**WHAT YOU WILL DO:** Two lines below mark the span: the one containing "Oxidation of [Co(en)2(SOCH2CO2)]+" and the one containing "Pull-Out Cabinet Organizer Drawers 2 Pack". Set down both, plus every line between, exactly as they stand, and nothing else.

**DATASET EXTRACT:**
......
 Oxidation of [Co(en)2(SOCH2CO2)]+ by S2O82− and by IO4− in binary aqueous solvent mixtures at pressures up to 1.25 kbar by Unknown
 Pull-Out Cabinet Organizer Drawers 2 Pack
......
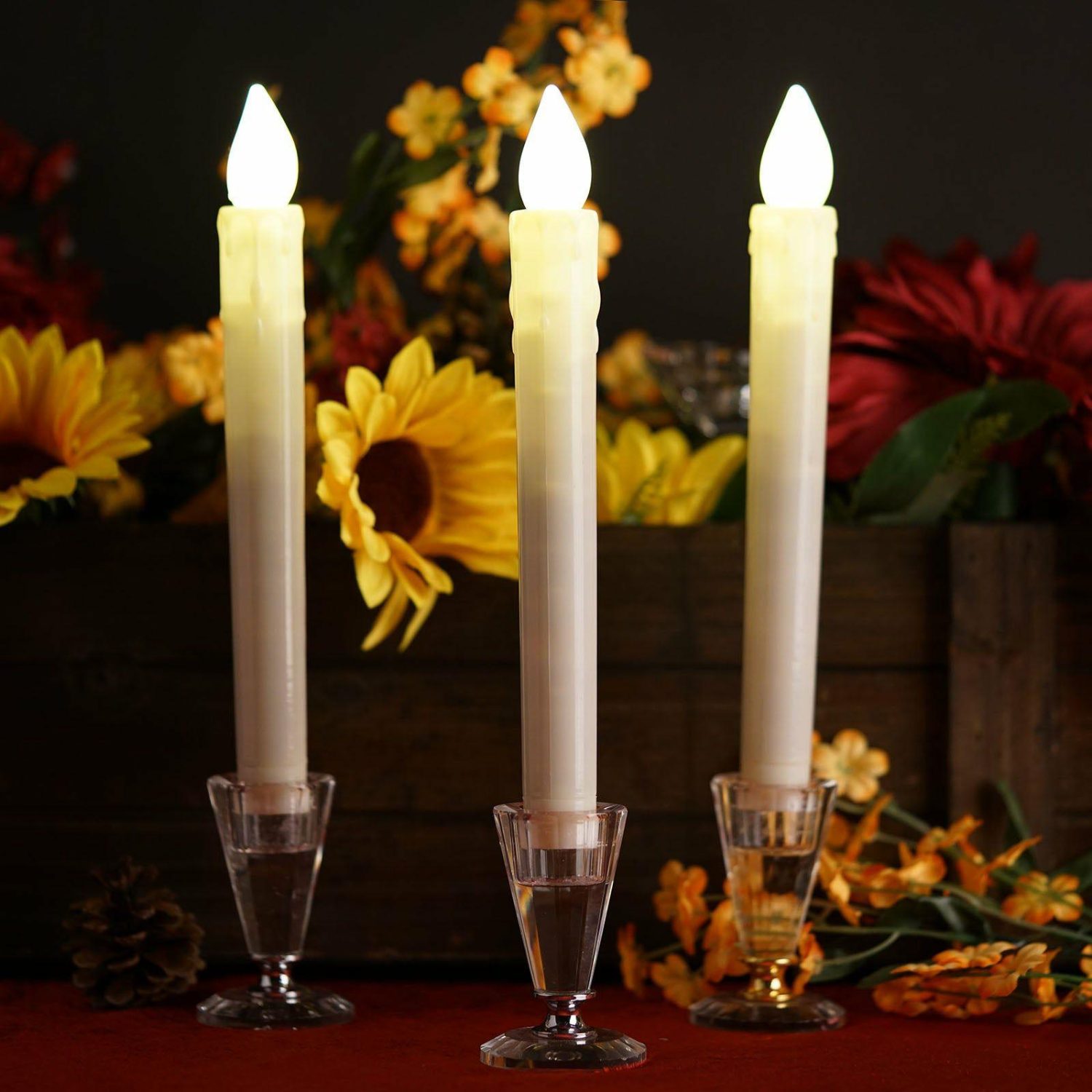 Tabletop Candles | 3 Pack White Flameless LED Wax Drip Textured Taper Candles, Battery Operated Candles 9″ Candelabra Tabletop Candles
......
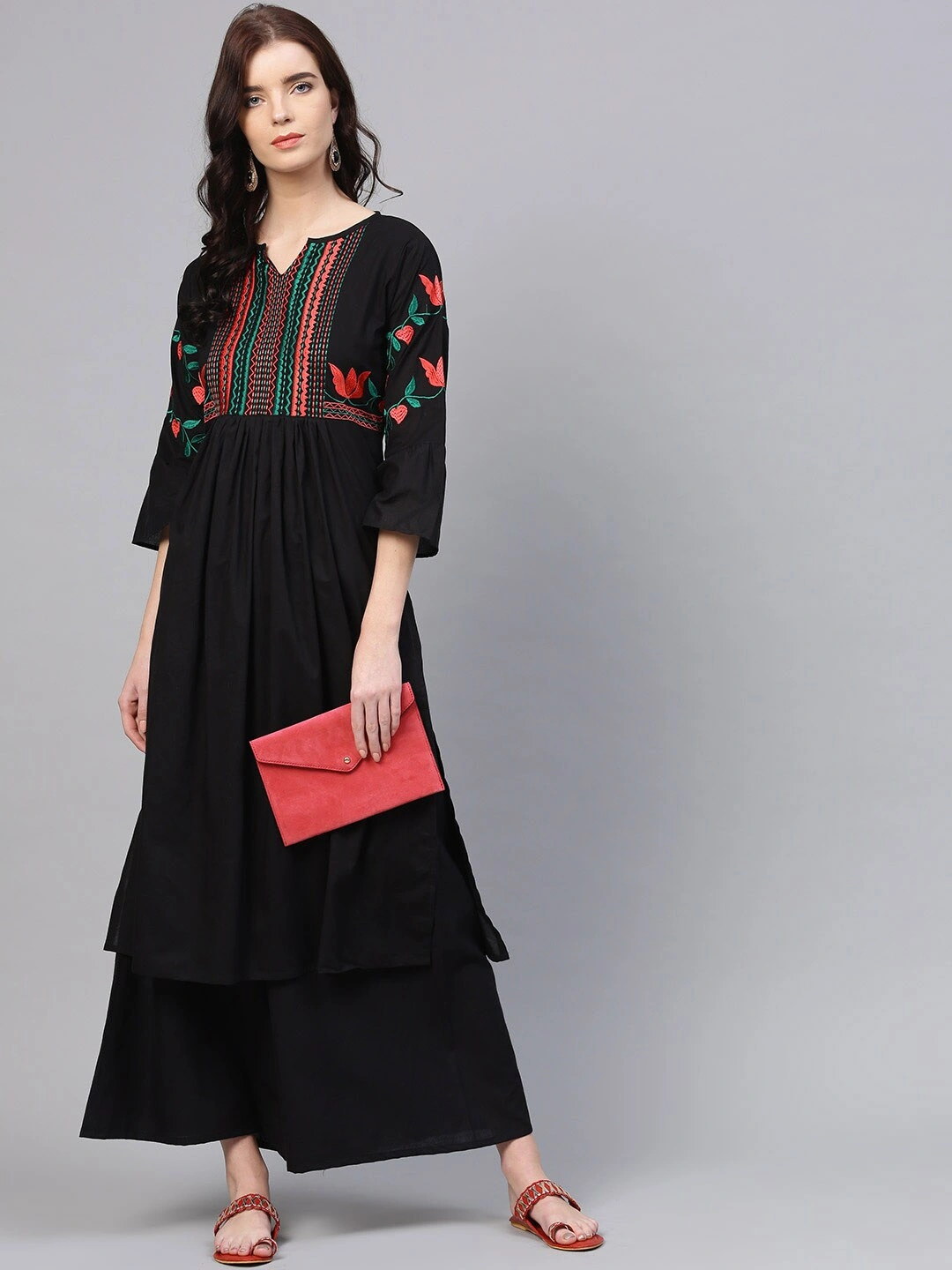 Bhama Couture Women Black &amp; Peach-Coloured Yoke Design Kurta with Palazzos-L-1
......
**YOUR RESPONSE:**
 Oxidation of [Co(en)2(SOCH2CO2)]+ by S2O82− and by IO4− in binary aqueous solvent mixtures at pressures up to 1.25 kbar by Unknown
 Pull-Out Cabinet Organizer Drawers 2 Pack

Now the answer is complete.